2. Develop a charging infrastructure plan that meets the needs of both your EV fleet and your user base. Consider the number of vehicles, their charging speeds, and desirability of a proposed charger location. Also consider how public charging factors into your plans. Recent research estimates that Tesla’s Supercharger network accounts for nearly 60% of all DC fast chargers in the United States.
Don’t know where to start with charger planning? The U.S. Department of Transportation provides an overview of the infrastructure planning process. One constant that the DOT does not give sufficient attention: be prepared to deal with lengthy permitting processes when attempting to access local grid infrastructure! This will be the most difficult part of your EV fleet deployment. Depending on the size of your deployment, your internal expertise, and the practices of your local utility, you may consider bringing on a consultant to handle your infrastructure planning.
3. Implement a telematics system. Utilize telematics to monitor and gather data on your fleet's performance. This includes tracking battery health, range, energy consumption, and maintenance needs. Such insights can help optimize fleet operations and identify areas for improvement.
4. Develop a charging schedule. Establish a charging schedule that maximizes vehicle availability while ensuring efficient charging. Balance charging needs among vehicles, considering their daily usage patterns and battery capacities. This reduces the risk of overloading the charging infrastructure. As we noted earlier, fast charging capabilities vary widely between models. Depending on your range and recharging needs, this may play a significant part in the vehicles you choose for your fleet.
5. Promote efficient driving habits. Of course, this applies to all vehicles. However, EVs, with their unique driving characteristics and modes, provide a convenient excuse to re-educate your drivers and focus on efficiency. Keep your vehicles in the appropriate driving modes to maximize range. Encourage practices like smooth acceleration and braking, maintaining consistent speeds, and utilizing regenerative braking to extend range and increase energy efficiency.
6. Implement sharing and pooling strategies. Get the most out of your EVs by implementing motor pool or car share programs within the fleet. Likely, your initial EV deployment represents only a portion of your fleet. By pooling those electric assets with an efficient management system, you’ll increase vehicle utilization, maximize the environmental benefits and reduce the costs associated with fossil fuel vehicles. While minimizing acquisition costs, pooling electric vehicles lets you maximize your electric miles traveled. And that’s the ultimate goal.

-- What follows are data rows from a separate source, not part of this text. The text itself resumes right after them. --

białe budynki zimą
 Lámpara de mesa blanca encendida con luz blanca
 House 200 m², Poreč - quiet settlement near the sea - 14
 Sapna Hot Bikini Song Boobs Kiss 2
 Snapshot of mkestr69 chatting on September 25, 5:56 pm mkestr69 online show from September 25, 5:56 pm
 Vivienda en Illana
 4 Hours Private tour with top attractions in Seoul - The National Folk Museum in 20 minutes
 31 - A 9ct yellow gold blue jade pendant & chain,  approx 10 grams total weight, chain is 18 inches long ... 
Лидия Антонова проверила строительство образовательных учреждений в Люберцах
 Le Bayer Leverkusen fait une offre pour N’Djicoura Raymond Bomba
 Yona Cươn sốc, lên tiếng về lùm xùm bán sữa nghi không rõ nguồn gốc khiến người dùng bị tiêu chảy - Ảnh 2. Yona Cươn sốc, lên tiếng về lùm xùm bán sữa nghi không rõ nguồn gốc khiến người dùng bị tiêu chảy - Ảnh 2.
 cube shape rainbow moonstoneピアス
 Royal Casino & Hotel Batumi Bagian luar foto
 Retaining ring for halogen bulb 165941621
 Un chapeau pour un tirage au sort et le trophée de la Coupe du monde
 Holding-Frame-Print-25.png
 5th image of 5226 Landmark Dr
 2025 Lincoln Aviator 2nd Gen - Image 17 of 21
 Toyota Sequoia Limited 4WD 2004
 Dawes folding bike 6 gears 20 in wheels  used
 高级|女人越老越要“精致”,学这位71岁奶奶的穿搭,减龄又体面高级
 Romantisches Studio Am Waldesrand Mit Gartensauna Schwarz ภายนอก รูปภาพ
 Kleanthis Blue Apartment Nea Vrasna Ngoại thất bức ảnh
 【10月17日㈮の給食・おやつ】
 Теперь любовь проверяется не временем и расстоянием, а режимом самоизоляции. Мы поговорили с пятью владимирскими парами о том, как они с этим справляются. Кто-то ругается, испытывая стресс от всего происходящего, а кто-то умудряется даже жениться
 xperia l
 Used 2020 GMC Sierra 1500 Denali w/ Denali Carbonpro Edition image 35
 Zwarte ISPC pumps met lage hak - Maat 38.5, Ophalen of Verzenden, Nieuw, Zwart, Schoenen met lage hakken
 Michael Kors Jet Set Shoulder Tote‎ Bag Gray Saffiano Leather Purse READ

7. Develop a reservation system. Implement a system that allows drivers to reserve EVs based on their needs and availability. This ensures fair access to vehicles and helps avoid conflicts, confusion, or unnecessary downtime. Consider using software or mobile applications to streamline the reservation process and enable driver self-service while automating fleet manager controls. Paired with telematics, a reservation system with strong driver tracking processes also allows you to keep an eye on EV usage and intervene when drivers take on unwanted risks, such as driving to remote areas with insufficient range.
8. Monitor vehicle utilization. Regularly assess the utilization rates of your EV fleet to identify underutilized or over-utilized vehicles. Adjust fleet size and vehicle allocation as necessary to minimize unnecessary idle time or underutilization. For more tips on optimizing your fleet, read this article.
9. Encourage feedback from drivers. Foster an open line of communication with your EV fleet drivers. Encourage them to provide feedback on vehicle performance, charging infrastructure, range limitations, and any other relevant aspects. This feedback can help identify areas for improvement and address driver concerns.
10. Stay updated with technology advancements. The capabilities of EVs are changing rapidly. Stay informed of the latest developments in EV technology, charging standards, and fleet management solutions. Regularly assess the feasibility of upgrading or replacing vehicles and infrastructure to take advantage of advancements that can enhance your fleet's performance and efficiency. Consider the impact of government incentives as they present themselves.
Remember that best practices may vary depending on your specific fleet size, usage patterns, location, and organizational requirements. It's crucial to analyze and adapt these tips to suit your unique circumstances and to optimize the performance of your EV fleet. Without a doubt, you have a lot to consider as you plan your EV fleet. But, with these tips, you’re on your way to developing a sustainable plan that can drive great benefits for your organization.